Le 6 juin 2018, la chaîne YouTube du multirécidiviste Alain Soral était fermée par Google. Le Crif avait vivement salué cette décision. Mais hier, en fin d'après-midi, nous apprenions la ré-ouverture du compte YouTube. Entre interrogations et inquiétudes, le Crif réaffirme son engagement dans le combat contre toutes les haines.

Le 6 juin 2018, la chaîne YouTube du multirécidiviste Alain Soral a été fermée à la suite d’un troisième avertissement en trois mois pour «non-respect du règlement de la communauté» des Youtubeurs, écrit Le Monde, du 7 juin.

Cette chaîne compte 100.000 abonnés qui se nourrissent de délires complotistes, antisémites et négationnistes.
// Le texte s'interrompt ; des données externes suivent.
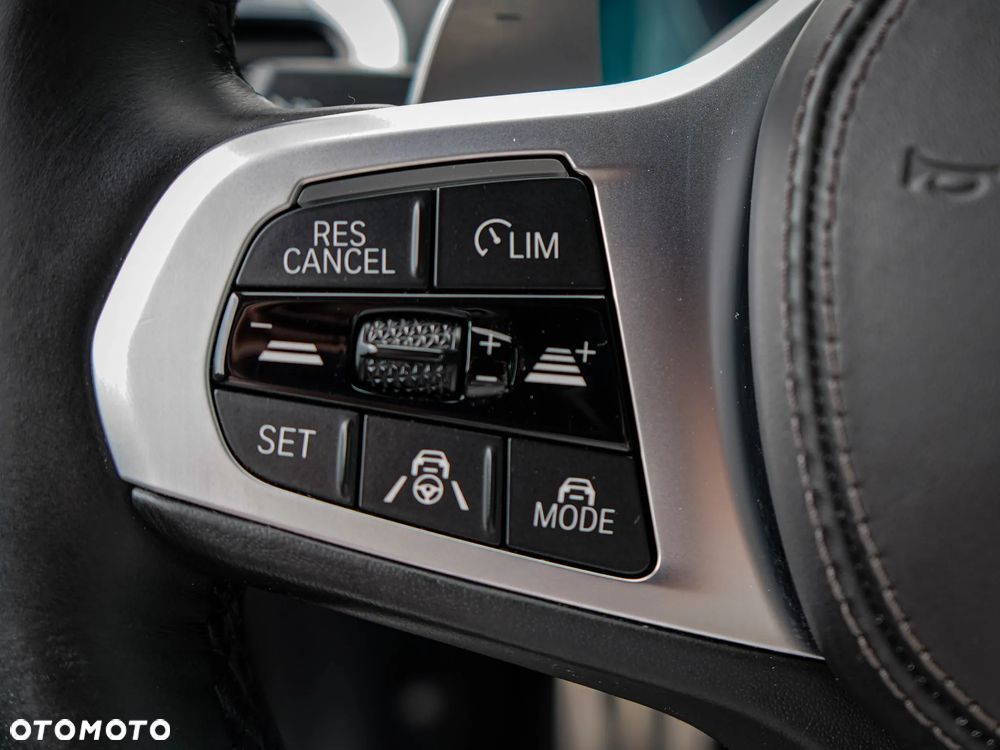 BMW Seria 8 - 13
Rappelons que l'essayiste d'extrême-droite a été condamné plusieurs fois par la justice de notre pays.

Une vidéo mise en ligne sur la chaîne d’Egalité & Réconciliation avait fait l’objet d'un signalement, selon un message de YouTube cité sur le site d’Alain Soral, qui mentionnait explicitement l’«incitation à la haine ou à la violence.»

Mais, nous apprenions ce 7 juin, en fin de journée que YouTube vient de rouvrir la chaine YouTube ERTV. Selon eux, les infractions aux conditions d’utilisation n’étaient pas caractérisées, selon les informations transmises par Google à Robert Ejnes, directeur de l’institution.

"Après examen de votre compte YouTube, nous vous confirmons qu'il est conforme à nos conditions d'utilisation. En conséquence, nous avons annulé la suspension du compte. Il est donc à nouveau actif et opérationnel", écrit YouTube.

Incroyable et gravissime affirmation de YouTube.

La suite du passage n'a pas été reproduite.